A correlation analysis of body weight with kidney volume using the Spearman test found that there was a significant moderate correlation between age and right kidney volume (P < 0.001) with a moderately positive correlation degree (r = 0.548), there was a significant moderate correlation between age and left kidney volume (P < 0.001) with a moderately positive correlation degree (r = 0.456), and there was a significant moderate correlation between age and the total volume of both kidneys (P < 0.001) with a moderately positive correlation degree (r = 0.540)

Table 7. Correlation of kidney function with age.

Mean SD r P-value
Kidney Function 123.68 39.11 -0.495c <0.001cc
Age 44.34 10.04

cSpearman Test

In renal function correlation analysis using the Spearman test, there is a significant correlation between renal function and age (P < 0.001) with a moderately negative correlation degree (r = -0.495).

Table 8. Correlation of kidney function with body weight.

Mean SD r P-value
Kidney Function 123.68 39.11 0.567c <0.001cc
Body Weight 63.04 14.74

cSpearman Test

In the correlation analysis of renal function with body weight using the Spearman test, there is a significant correlation between renal function and body weight (P < 0.001) with a moderately positive correlation degree (r = 0.567).

Discussion

This study aims to analyze whether the radiological findings of renal imaging can predict kidney function, so that a clinician can take advantage of the results of the examination. Some characteristics such as age and weight are suspected to affect kidney function, which in this study is represented by creatinine measurement and GFR estimation. The majority of subjects aged 41-50 years, with a relatively equal sex ratio, (male : female, 0.9 : 1), with an average body weight of 63.04 ± 14.74 kilograms.

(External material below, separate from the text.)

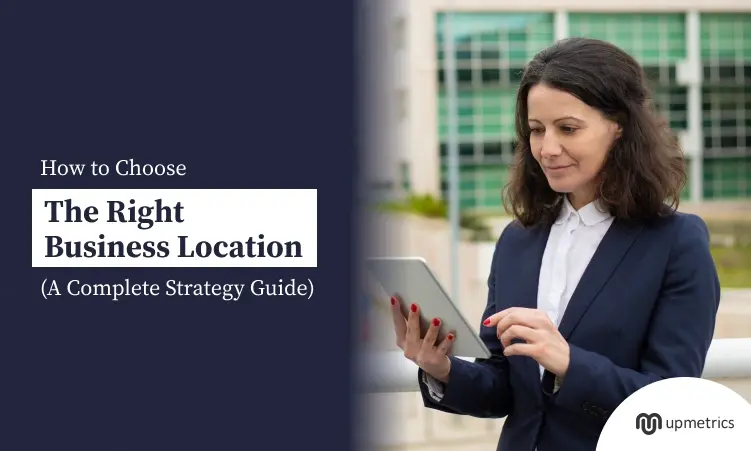 Deciding Right Location for Your Business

Interpretation of the results of radiological assessment readings performed by two examiners showed no significant difference (P = 0.787) which indicates that there is uniformity between the results of the examination. The results of the examination of the kidney volume obtained is 167.92 ± 46.82 cm3 (right kidney) and 175.45 ± 46.61 cm3 (left kidney) with a total volume of 343.37 ± 88.93 cm3. Examination of renal function also showed normal mean results of creatinine examination (0.66 ± 0.21 mg/dL) and GFR (123.68 ± 39.11 mg/dL).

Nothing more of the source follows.